1. Field of the Invention
This invention is directed to an improved method for packaging electronic circuits, and more particularly, to an improved method for providing a hermetically sealed electronic circuit package.
2. Prior Art
With the advent of large scale integration (LSI) technology, it is not uncommon to find complicated multicircuit subsystems contained within a single LSI chip. Further, it has become increasingly desirable to mount a number of such chips on a single circuitized substrate, thereby forming a small system configuration. To improve the life and reliability of such a configuration, it is desirable to provide a housing for enclosing the single or multichip configuration on the circuitized substrate. The housing or cap must provide a hermetic seal around the chip or chips on the substrate, and desirably the housing is removable to permit access to any one of the chips that may become faulty to facilitate its repair.
In the prior art it has been conventional to form such a package by mounting chips on a ceramic substrate, providing an inert gas atmosphere around the chips and hermetically sealing a ceramic cap, or the like, over the chips on the substrate.
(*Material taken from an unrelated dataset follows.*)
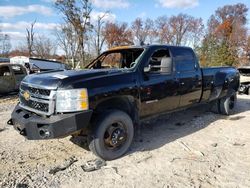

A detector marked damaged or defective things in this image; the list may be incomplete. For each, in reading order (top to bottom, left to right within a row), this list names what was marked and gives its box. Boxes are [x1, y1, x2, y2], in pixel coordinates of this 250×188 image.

damaged vehicle [0, 63, 27, 95]
damaged vehicle [8, 45, 239, 160]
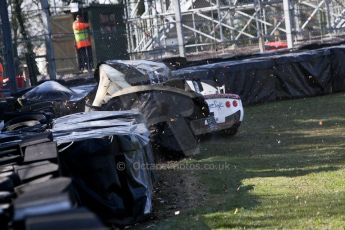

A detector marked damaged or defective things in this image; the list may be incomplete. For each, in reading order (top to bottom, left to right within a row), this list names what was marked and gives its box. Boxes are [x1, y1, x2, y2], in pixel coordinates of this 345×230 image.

crashed race car [90, 59, 243, 157]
A typical time/temperature curve for such a process is shown in FIG. 1, labeled prior art. The circuitized substrate with the chips soldered thereon is capped by a cover with a sealant material placed between the cover and the substrate. Then the entire configuration at ambient temperature is placed in a vacuum. The temperature is initially raised above the melt temperature of the sealant, but below its cure temperature for a specified period of time to enable the surface of the substrate and the bottom of the cover to become properly wetted by the flow of the sealant. Then, the entire configuration is backfilled with an inert gas, such as nitrogen, and the temperature is raised to a point equal to or above the cure temperature of the sealant material, where the assembly is kept for a prescribed period of time until the sealant was effectively cured.
Units made in accordance with this technique have evidenced a number of problems which have lead to a very low yield for such assemblies, thereby adversely affecting their costs. It was quite often found that pin holes were created in the sealant during the backfilling of the inert gas. Sometimes during the backfilling with the inert gas, because of unequal pressures between the inner part of the package and the outside thereof, a splattering of the sealant material occurred, damaging the chips contained within the package. This, of course, substantially diminishes the reliability of the units. It has also been found that there is a tendency to have an excessive internal flow of the sealant in a manner such that the sealant may be drawn underneath the chip. Then during subsequent temperature cycling of the chip, because of the differing coefficient of expansion between the sealant and the bond of the chip, the bond between the chip and the substrate could be broken.
Rather than using a flow type material, other types of seals are made by brazing or welding techniques to secure the cover to the substrate, but such techniques make it difficult to remove the cover from the substrate prior to repairing or replacing any of the chips on the multichip ceramic substrate.
A method related to the method of the present invention is found on page 1924 of the IBM Technical Disclosure Bulletin, Vol. 17, No. 7, dated Dec. 1974, (but actually published less than one year before the filing date of this application) in the article entitled "Thermal Bonding System" by P. W. Schuessler.